High jump is a sport that requires dedication and hard work to master. Therefore, perfecting the jumping technique is the most important aspect of the game. The main aim of the game is to have the athlete jump over a bar raised at a certain height without touching it and unaided (Freeman, 2015). This is usually done for recreation and competition purposes. In the case of recreation, participants rarely follow the rules of the sport because it is not a competition.

On the other hand, people who do it for competition purposes adhere to the rules as set by the IAAF. The attainment of excellence involves a lot of training sessions and practice, as well as the possession of key skills and courage (Freeman, 2015). Speed, power, flexibility, and aerial awareness are some of the skills that jumpers should possess (Dale, n.d). The use of high jump as a recreation spot is common among people of all ages. It is most common among the youth because of their flexibility.

The two major objectives of high jump include competition purposes and physical exercise. Many professional athletes pursue high jump as a career and engage in competitions, the most prestigious one being in the Olympics. Competitive high jump has numerous economic benefits that range from salaries, endorsements, and prize money. The top athletes in the sport are highly successful individuals whose main occupation is sports.

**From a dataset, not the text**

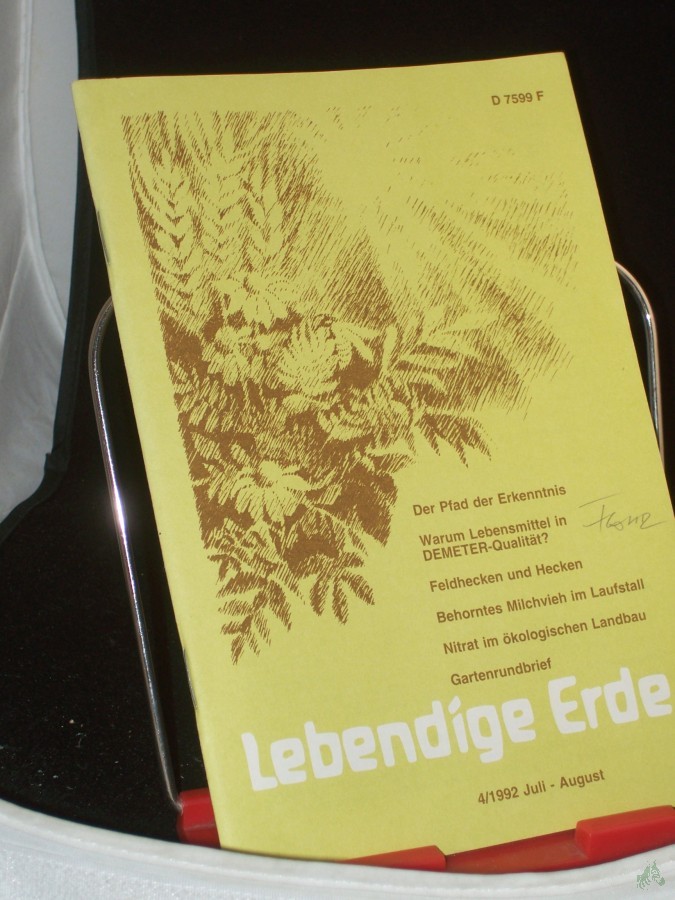 Artikelbild 1 des Artikels “4/1992, “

They train and compete for a living. Others have received multimillion product endorsements from international corporations. The use of high jump as a physical activity is common among young people and is based on the attainment of key skills that include power, speed, and flexibility (Dale, n.d). In order to master jumping techniques, many hours of training and practice are needed. The sprinting drills performed during training have several physiological benefits. Practice sessions usually include plyometric exercises that increase the ability to generate power and perform better (Dale, n.d).

These jump-training movements increase strength and improve the overall wellbeing of individuals. The Fosbury flop is the most famous technique used by jumpers. An individual requires a lot of flexibility in order to perform the technique properly without injury. The regular stretching done during training sessions targets major body muscles and joints. In that regard, they can be used as a healthy way of engaging in physical exercise for the enhancement of human wellness.

High jump has several learning outcomes. Two of the most important ones include the comprehension of the 3 phases to a perfect jump and the demonstration of the basic skills needed for the execution of proper jump technique. There are three phases involved in a high jump: the run up, the takeoff, and the clearance (High jump, 2019). The run up involves a short sprint done at a critical angle. A certain curve, an appropriate speed, and the right number of strides are required for an effective approach run. During the takeoff phase, the jumper turns at an angle of about 45 degrees and thrusts the body over the bar (High jump, 2019).

The clearance and landing are the last steps that involve going over the bar without touching it and landing on the mattress. Proper form should be maintained to ensure that the athlete lands safely and avoids injuries to the back, hands, legs, and neck (High jump, 2019). Another learning outcome is the demonstration of the skills required for a successful jump. As mentioned earlier, power, flexibility, and speed are important skills that are needed for success in the sport of high jump. Moreover, aerial awareness is a necessary skills because it enables the jumper to estimate accurately his/her position in relation to the ground. (High jump, 2019) People who have taken part in high jump can demonstrate these skills because their possession is inevitable for the completion of a successful jump.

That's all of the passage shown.